Bill Cotton op 109-jarige leeftijd overleden
Op 23 april 2006 overleed Bill cotton op 109-jarige leeftijd. Hij was een van de laatste Amerikaanse veteranen uit de Eerste Wereldoorlog.
Bill Cotton werd geboren in 1897 en groeide op in een gezin met acht kinderen. Na het behalen van zijn high school diploma nam hij in 1917 dienst bij de Amerikaanse marine. Hij diende op de USS Oklahoma dat was ingezet in de Atlantische Oceaan voor de Franse kust.
Na zijn demobilisatie werd Bill Cotton een succesvol zakenman. Samen met een aantal broers was hij eigenaar van de Cotton Brothers Baking Co., een groot bakkerij concern in het zuiden van de Verenigde Staten.
In november 1999 ontving hij van de Franse overheid het Legion d’Honneur als erkenning voor de Amerikaanse inbreng in de Eerste Wereldoorlog. Op 100-jarige leeftijd werkte Bill Cotton nog in zijn tuin en maaide zijn eigen grasveld. Hij reed nog elke week 100 mijl om te gaan vissen en behield zijn rijbewijs tot op 103-jarige leeftijd en nam altijd een of twee borrels voor het eten. Hij was meer dan 85 jaar lid van het American Legion.
(Bron: Nieuws van het Westelijk Front - juni 2006)


300 ton springstof ontdekt in Attre
ATTRE - Sinds 24 april zijn in Attre (Brugelette) grootscheepse ontmijningswerken aan de gang. Militairen vonden er 300 ton springstof en munitie uit de Eerste Wereldoorlog. De werken gaan gepaard met heel strenge veiligheidsmaatregelen omdat de gevonden munitie zich in de buurt van een woongebied bevindt op maar 25 meter van een spoorweg.
'Een van mijn medewerkers staat in contact met de veiligheidsdienst van de spoorwegen en elke keer dat er een trein passeert, leggen we de werken stil', zegt adjudant Pascal Dehon van ontmijningsdienst Dovo.
De ontmijningswerken begonnen eind vorige maand en zullen wellicht duren tot eind augustus. Dat komt doordat gisteren op de site een vierde loopgraaf werd ontdekt. De site ligt voor de helft op het privé-domein van een schroothandelaar, de andere helft is een militair terrein dat sinds het einde van de Tweede Wereldoorlog bewerkt wordt door landbouwers.
Eind deze week zouden de aanwezige militairen ongeveer 50 ton van de in totaal 300 ton springstof en munitie onschadelijk gemaakt moeten hebben.
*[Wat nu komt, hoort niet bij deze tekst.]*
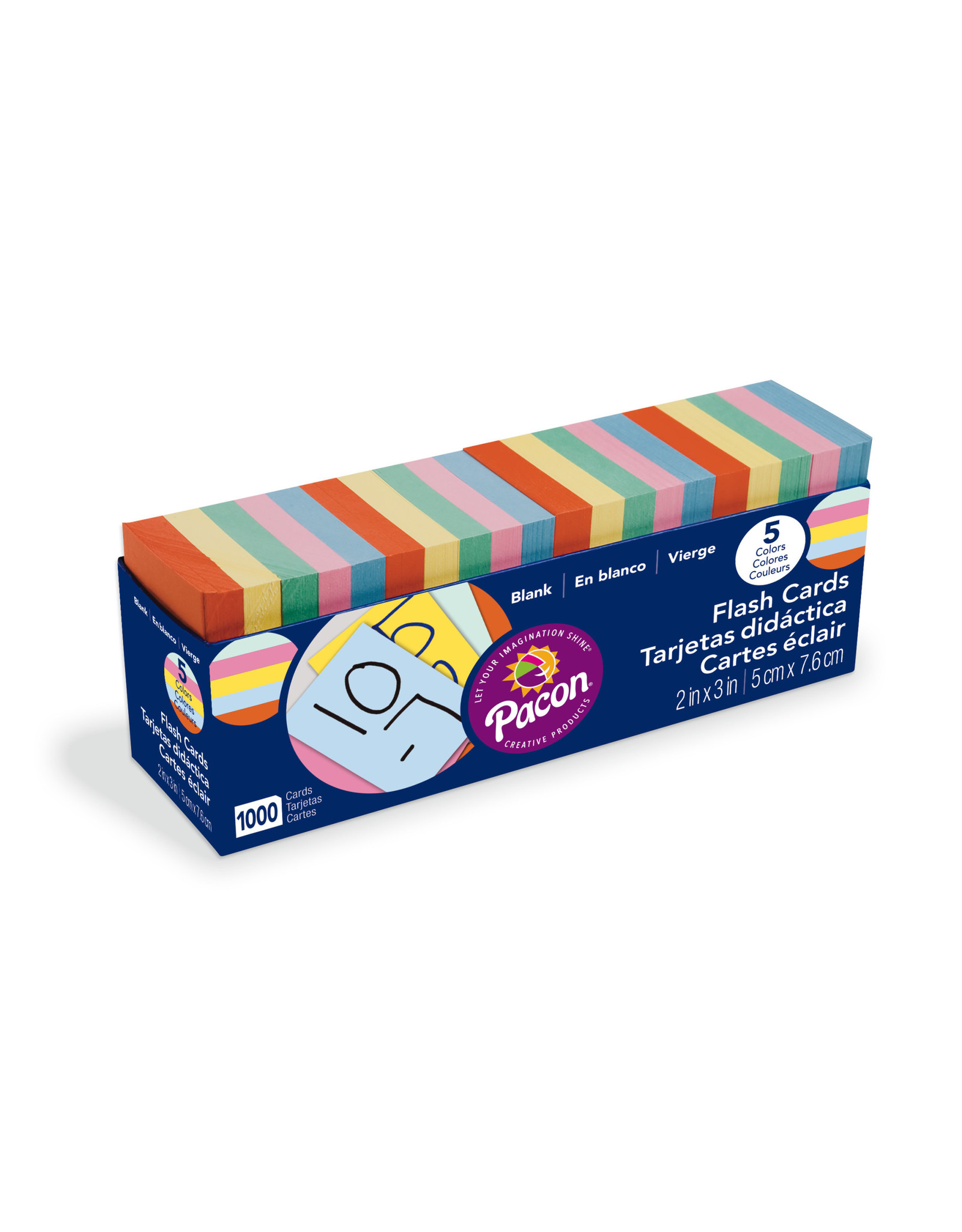BLANK FLASH CARDS: ASSORTED COLORS 2"x3" 1000 PACK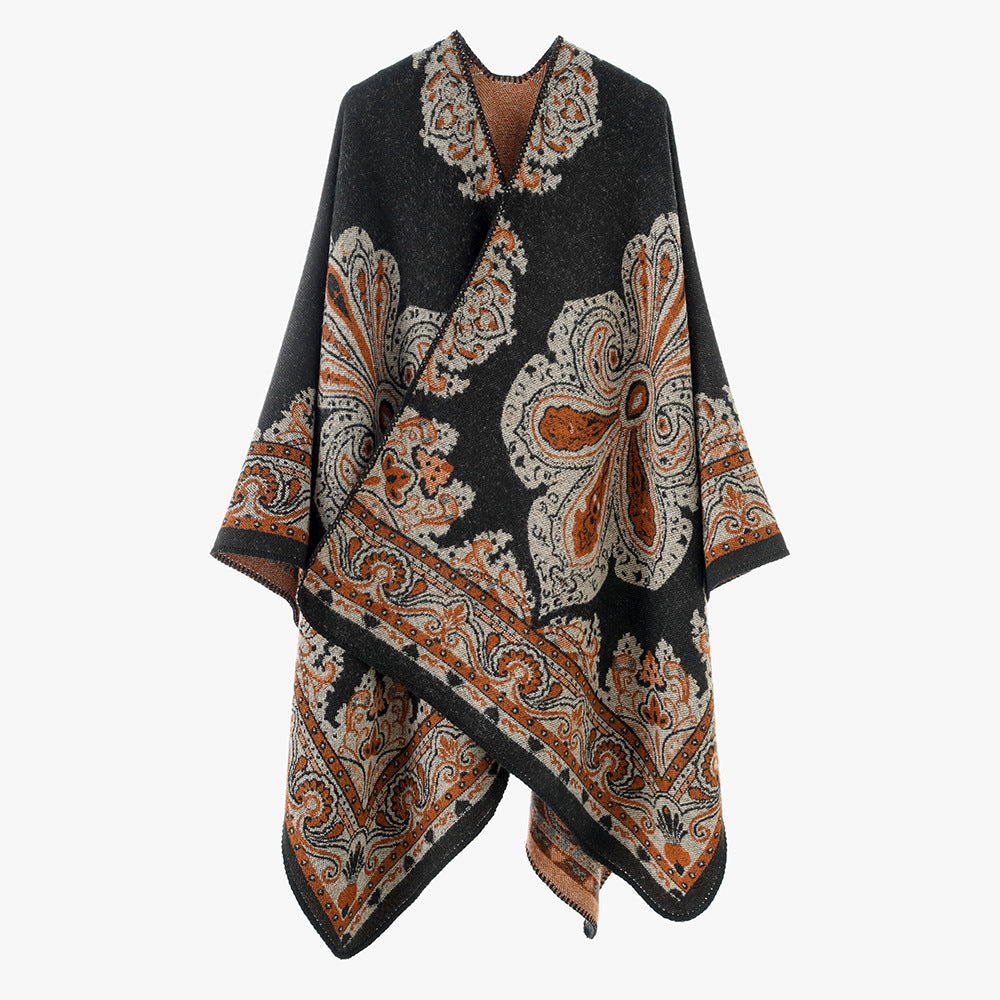 Damen Oversize-Orientalischer Jacquard-Überwurf mit Paisley‑Medaillon und Zierstich Shop Nory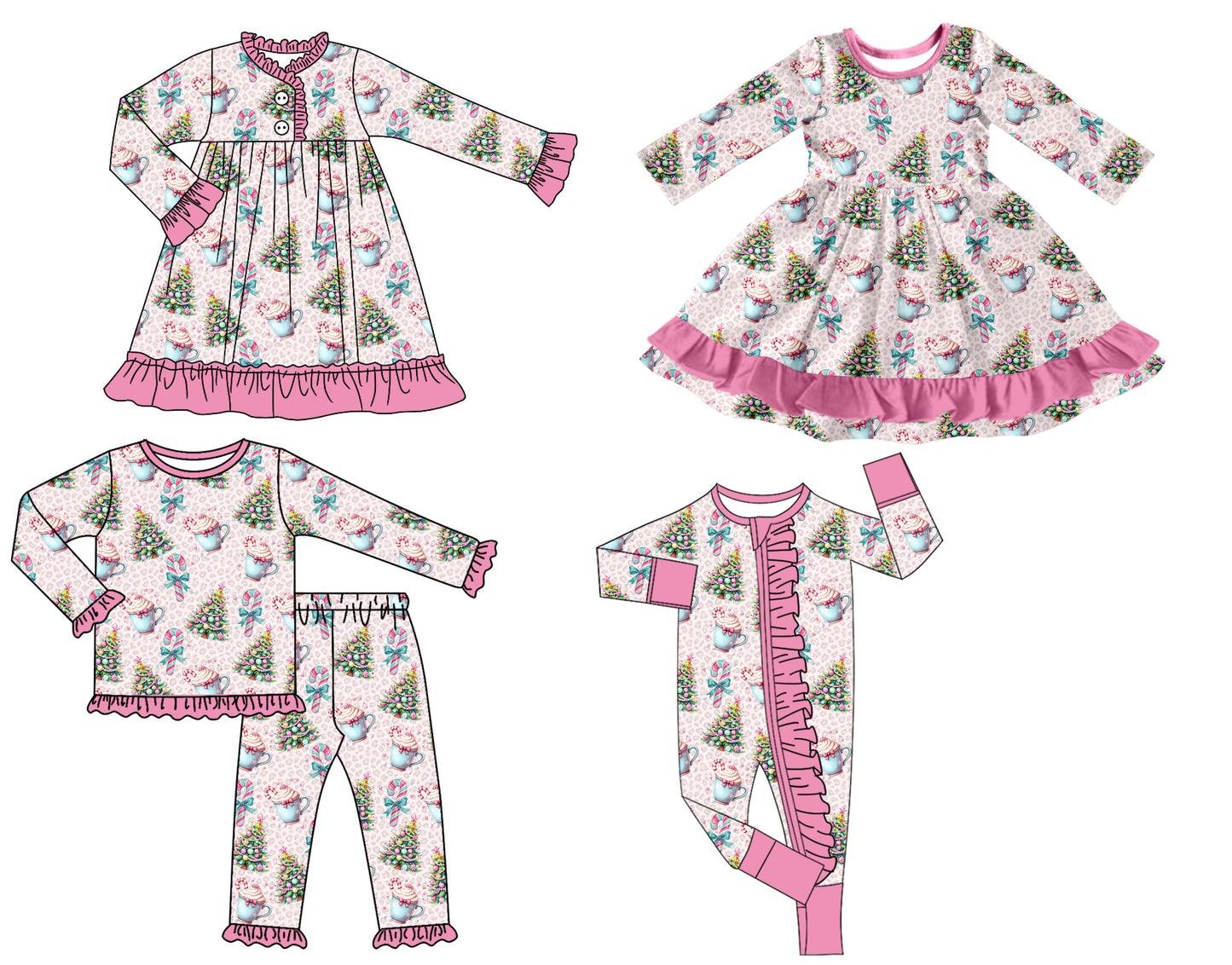 25.8.5 custom each style moq 5 eta 4-6week Sibling Sisters Christmas baby girl long sleeve pants sets and romper and dress 1 and dress 2 match family design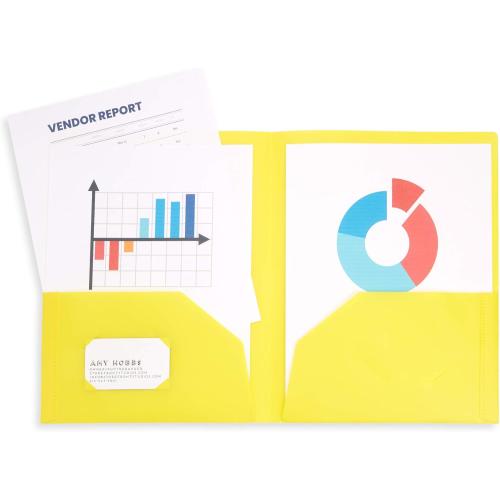 Blue Summit Supplies 6 Pack Multicolor Two Pocket Plastic Folders with Pockets, Heavy Duty Colored 2 Pocket Plastic Folders for School, and Business Card Slot, Home, and Work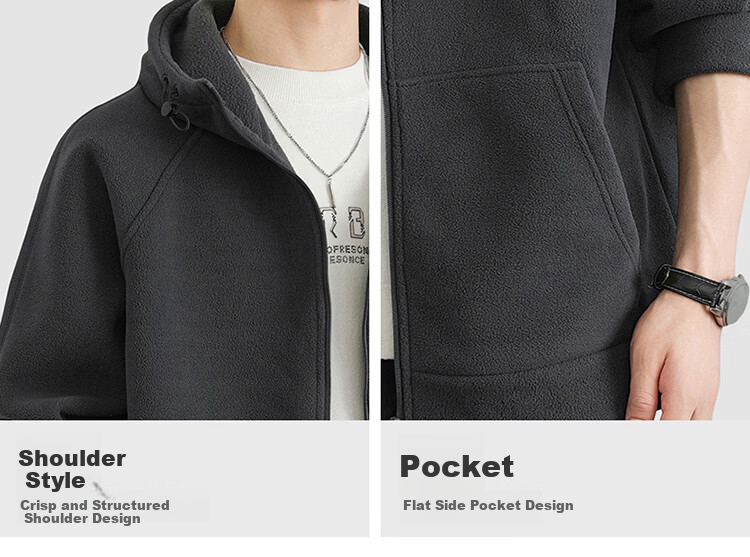 MARK FAIRWHALE Men's Winter Fleece Hooded Zip-up Sweatshirt Thick Warm Jacket Dark Gray XL 3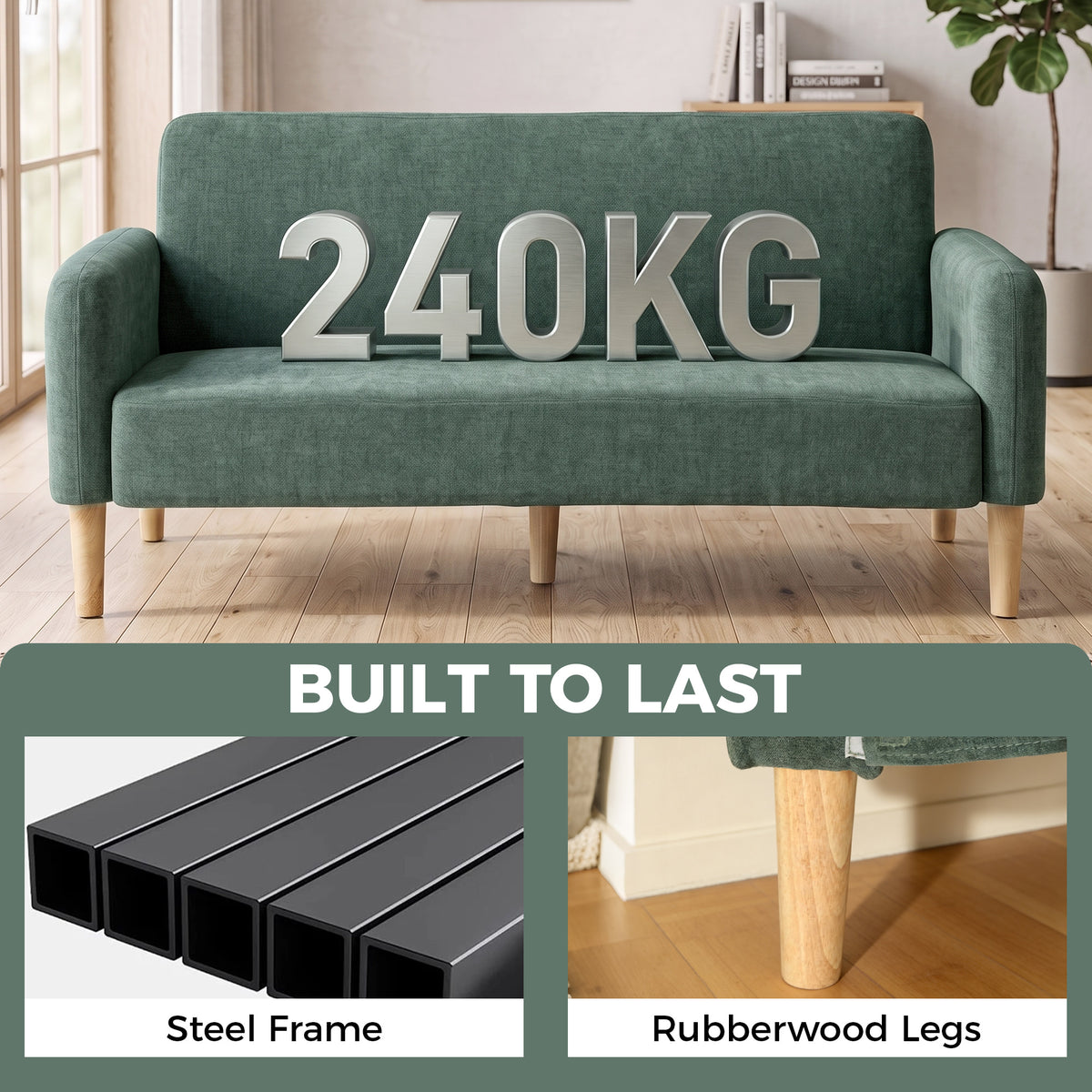 2 Seater Sofa | Dark Green Velvet-Feel Small Couch, 20cm Cushions & 240kg Capacity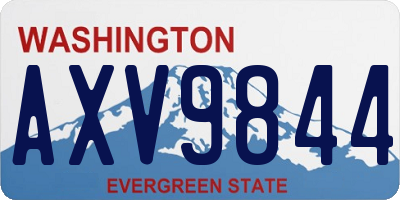WA license plate AXV9844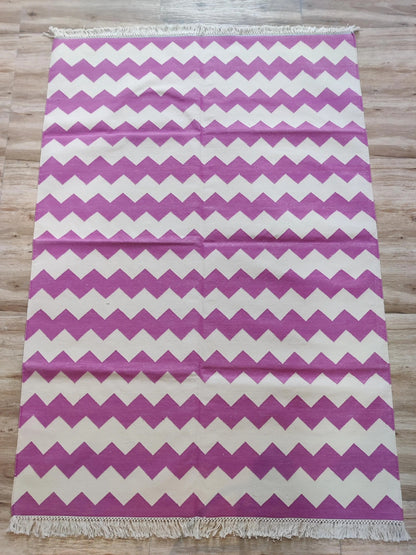 Fuchsia Pink Chevron Handwoven Cotton Rug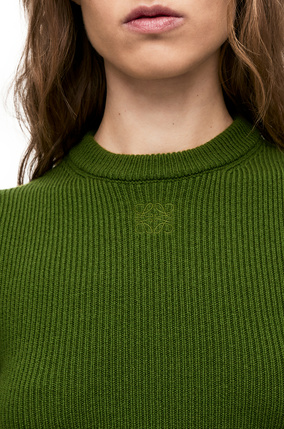 LOEWE Cropped sweater in cashmere Forest Green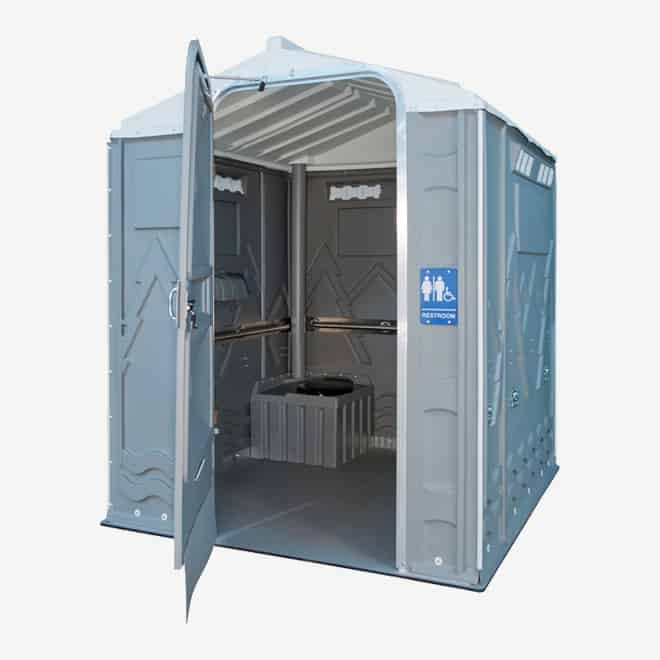 polyportables super senator portable toilet door open perspective view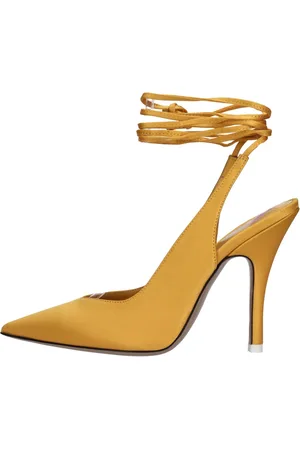 The Attico Schoenen, Dames, Geel, 36 EU, Satijn, Met Hak Geel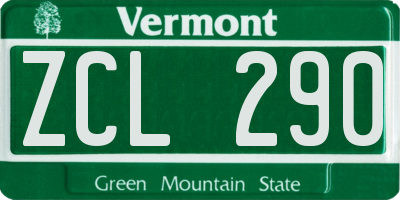 VT license plate ZCL290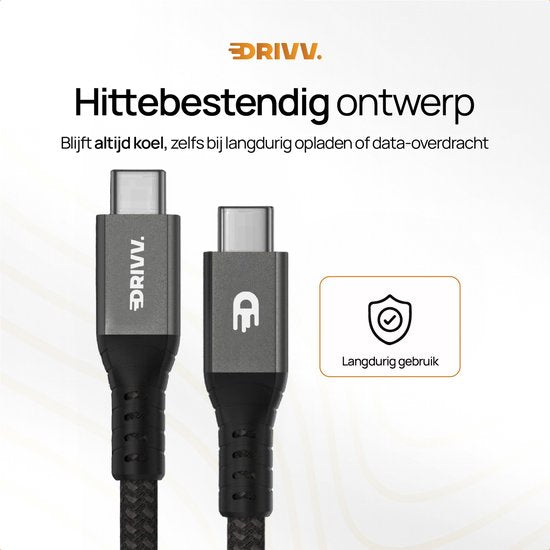 Drivv. USB C naar USB C Kabel 4.0 - Gen 3 - 240W Snellader - 8K 60Hz - 40Gbps - 3 Meter - Nylon - Zwart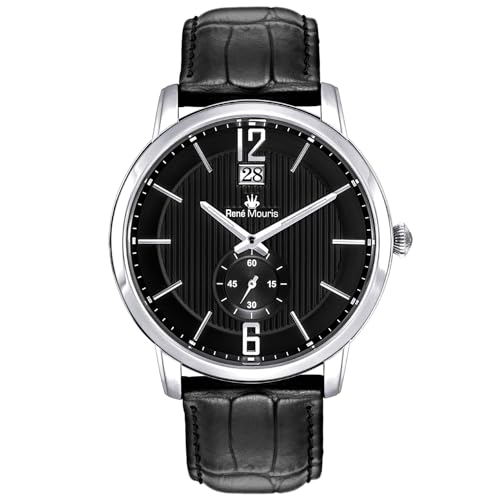 René Mouris Executive Quarzuhren Für Herren – 44MM Klassische Uhr Aus 316L Edelstahl – Mineralglas Mit Saphirbeschichtung – 100M wasserdichte Armbanduhr Mit Italienischem Lederarmband. von René Mouris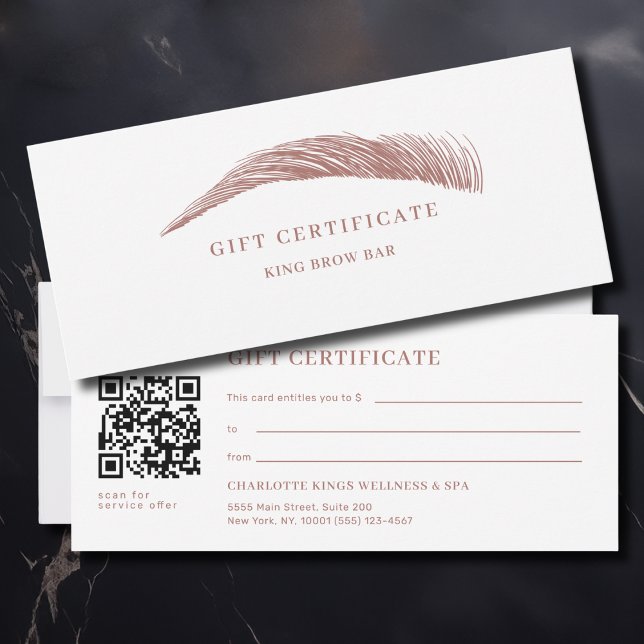 Carte Minimal Eyebrow Salon QR Code Gift Certificate (Minimal Eyebrow Salon QR Code Gift Certificate)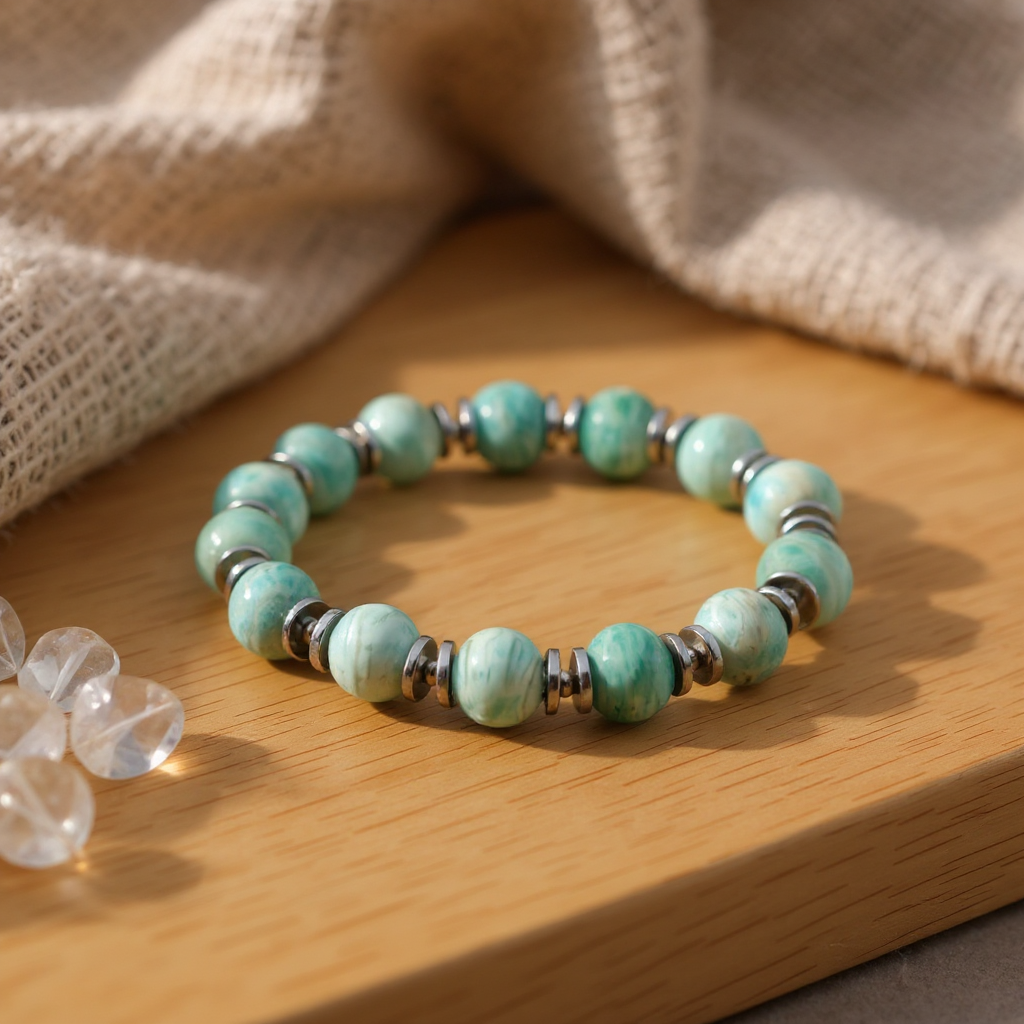 Amazonit ve Hematit Sertifikalı Doğal Taş Bileklik SPF-A-008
Bij de explosieven zitten ook giftige stoffen, zoals mosterdgas.
De opslagplaats is wellicht de grootste die ooit in België werd ontdekt. De munitie kwam van een Duits konvooi dat door de geallieerden met succes gesaboteerd kon worden.
(Bron: Het Nieuwsblad - 11 mei 2006)

Postume gratie voor tachtig Amerikanen na 88 jaar
Toen Steve Milch er recent achter kwam dat zijn overgrootvader, een immigrant uit Beieren, gedurende de Eerste Wereldoorlog veroordeeld was wegens opruiing in de Amerikaanse stsaat Montana, was hij onaangenaam verrast. Dit was iets waar nog nooit iemand van de familie over had gesproken. In de afgelopen 88 jaar zijn er heel wat geheimen bewaard gebleven bij families in de staat Montana, met name bij die van Duitse afkomst.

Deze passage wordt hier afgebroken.